There’s a war going on my fellow SEOs and Search Marketers. Has been for a couple of years now. The war on organic data.
It was a war that started off very covertly, almost without incidence, as noted by Jon Henshaw over 2 years ago on Raven Tool’s Blog. Google, by way of depreciated APIs, quietly pulled SERP [Search Engine Results Page] ranking data. Which then led to more and more companies scraping the results from Google and placing an extra burden on their servers. And, perhaps Google was banking on the fact, though somewhat quietly kept, Google Webmaster Tools has had “ranking data” for over 3 years now. Maybe this was Google’s evolutionary step? Nonetheless, it was the one of the first assaults on organic data; Google’s conscious and deliberate action to close off a major pipeline to SEOs and Webmasters. It registered as nothing more than a blip to most of the community, myself included, but the SEO tool companies probably had a good idea where it was headed. Maybe they decided to just “wait and see”?

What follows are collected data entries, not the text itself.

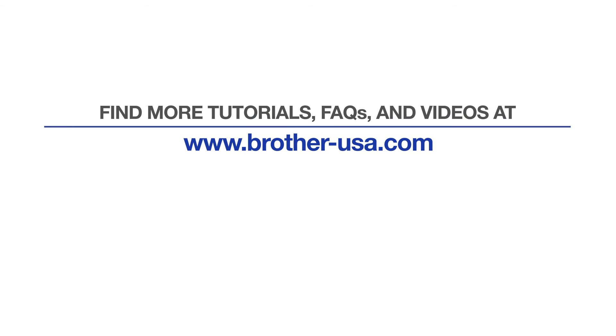For more tutorials, FAQs and videos, visit us at www.brother-usa.com. If you found this video helpful, be sure to subscribe. Thank you for choosing Brother.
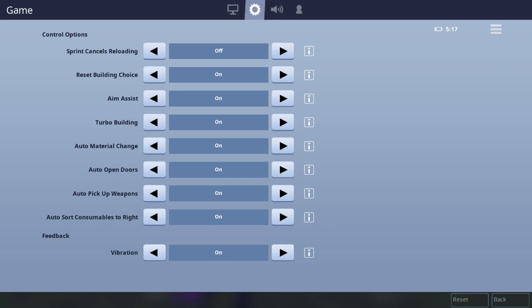Everything here just have on except for sprinting, cancelling, reloading because that's just really annoying and for everything that I didn't go over, I would just use default settings.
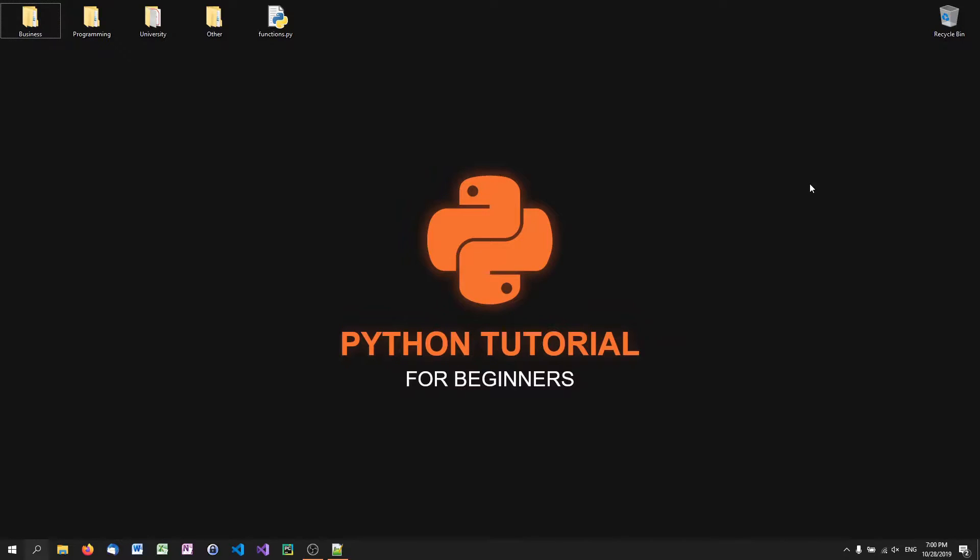What is going on guys? Welcome to episode number 7 of the Python tutorial series for beginners. Today's episode will be about functions and we've used functions quite often in the past.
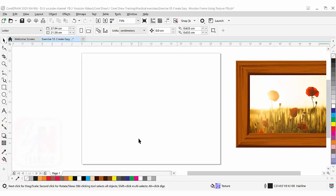Hi guys, this is lesson number 55 from our CorelDraw training course series. In this exercise we are going to learn how to create this beautiful realistic wooden frame using texture fill in CorelDraw.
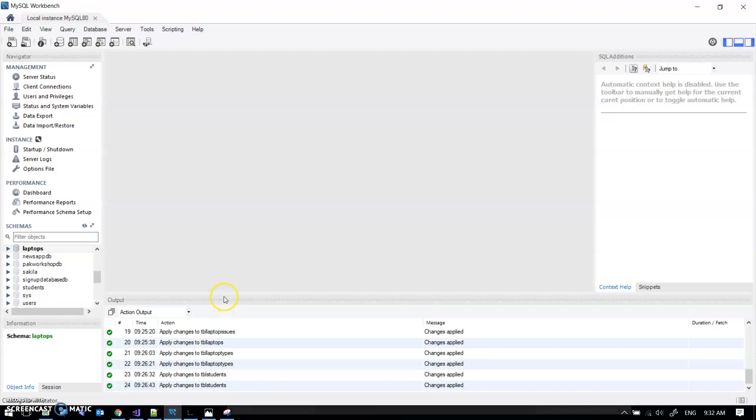To get your application working on Python Anywhere, one of the things you've got to do is move your database across, which hopefully should be straightforward. I'm in MySQL Workbench here.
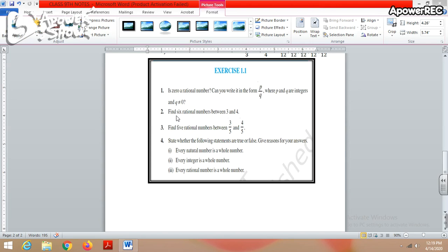The second question: find 5 rational numbers between 3 and 4. We already did the process for finding 5 rational numbers between 1 and 2, so you should be able to do this now. The third question: find 5 rational numbers between 3/4 and 4/5. Here the denominator is already different, so multiply by 6 and find their equivalent fractions to easily find 5 rational numbers.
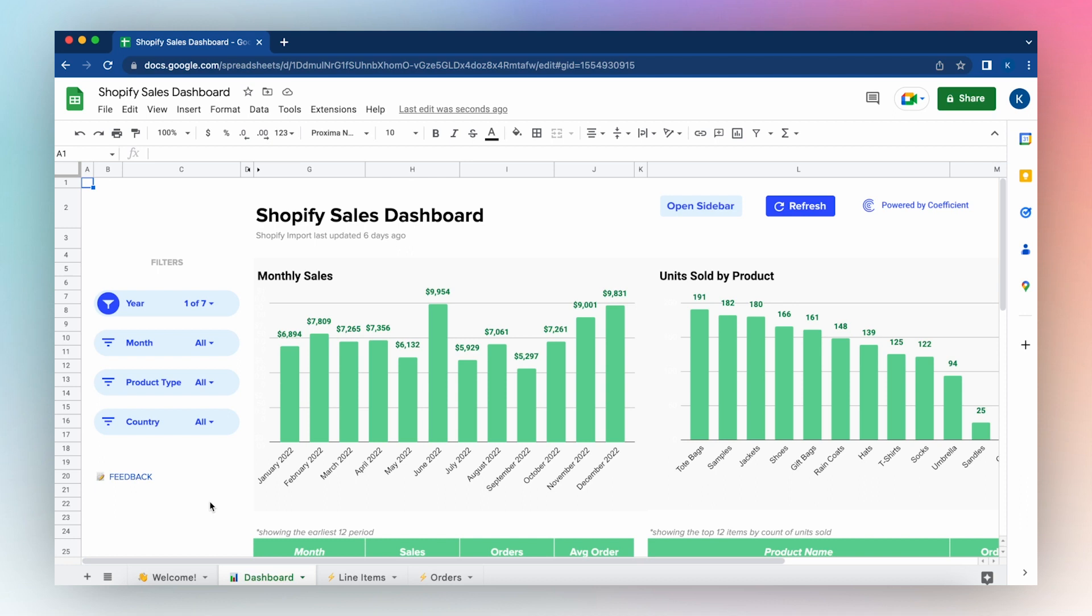Be sure to click the link below and submit your email to download the Shopify sales dashboard for Google Sheets now.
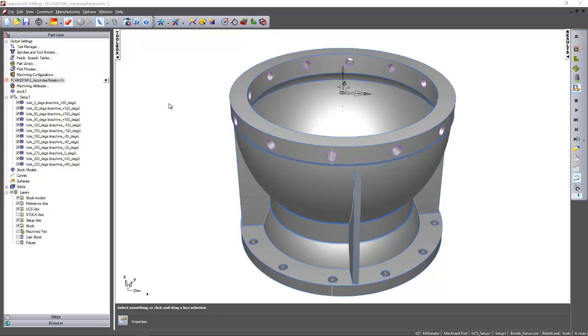Programming parts in FeatureCam 2016 R3 has been made safer and easier thanks to the use of machine limits to automatically decide how to rotate the machine for both indexing and 3 plus 2 machining.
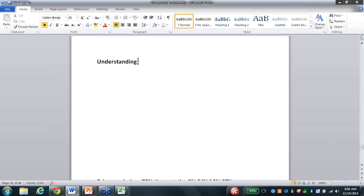I'm going to get into that today - understanding your comp, the final part: the floating bonus.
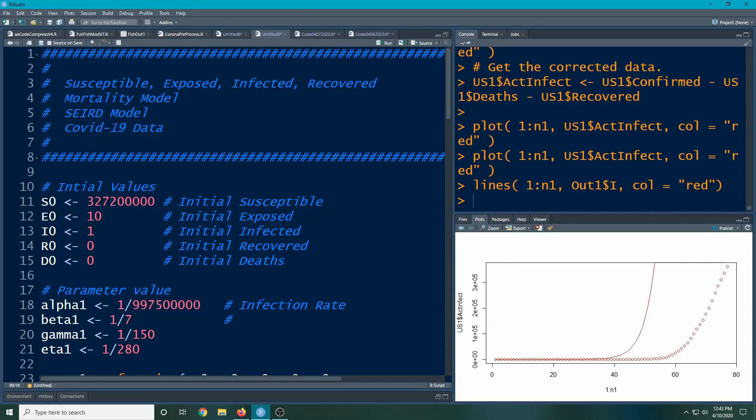Welcome to the R video tutorial on susceptible exposed infected recovered mortality model and we're going to deal with the COVID-19 data again.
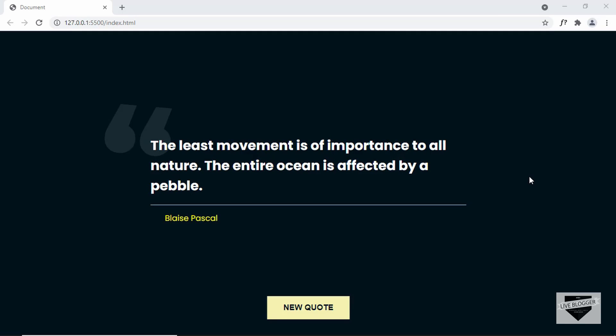Hi everybody, welcome to Live Blogger. In the previous video, I showed you how to design this quote website using HTML and CSS. Now in this video, we will add the functionality of this web page. Whenever we click on the new quote button or refresh this page, we want a new quote displayed along with the author. We'll be doing that using JavaScript and an API. Let's get started.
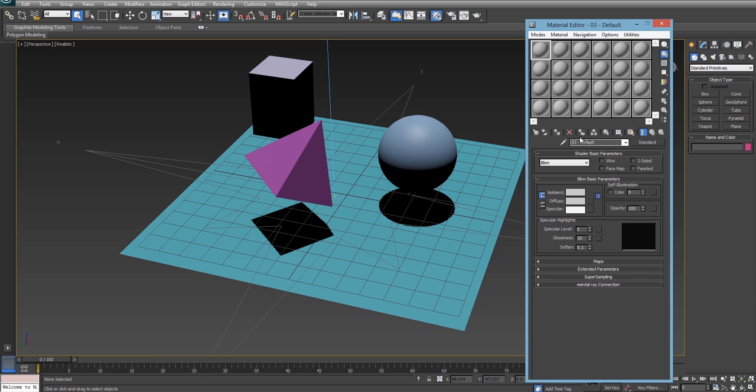So we're going to open up our materials dialog and we'll pick the first material. Notice how in this button here it says standard. This means that this particular material is the standard material. This material is a great place to start if you're using the scanline renderer but we're going to be using mental ray so instead we're going to be changing this to a different type of material.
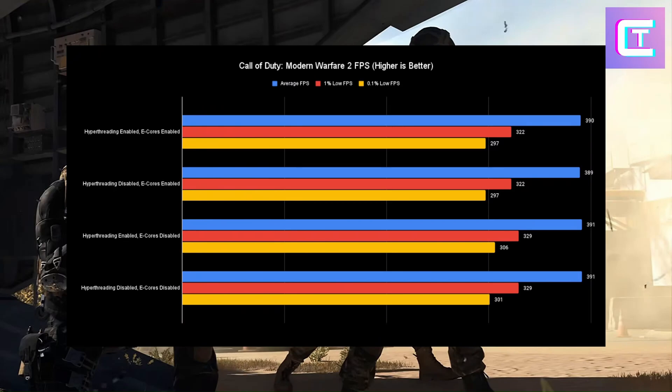Modern Warfare 2 with the built-in benchmark is what I'd call the land of a tie — every number is within a couple of FPS of each other. The technical winner is hyperthreading enabled with E-cores disabled, due to slightly better 1% and 0.1% lows, but average FPS is basically the same across all configs. You're going to have the same gaming experience with every single one. So from these results, we can conclude that for most people, disabling hyperthreading and leaving E-cores enabled gives the best gaming experience — it won in 3 out of 4 games tested, and the one game it didn't win was essentially a tie where core count didn't matter.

2011: Google Kicks in the Door
A year after Google shut off the Ranking Data APIs, they got brazen. They gathered up the troops and kicked the down the door to the SEO house, fingers
hugging the triggers. It was akin to enacting Google’s own personal Patriot Act. They black-boxed the organic search data. “NOT PROVIDED”. Users who were signed-in or using SSL Google searches would appear as “not provided” in your organic search keyword data to help “maintain the privacy”. All under the guise of privacy. Immediately this change was said to only affect less than 10% of data in analytics. “Single digits”, was the quote from Matt Cutts.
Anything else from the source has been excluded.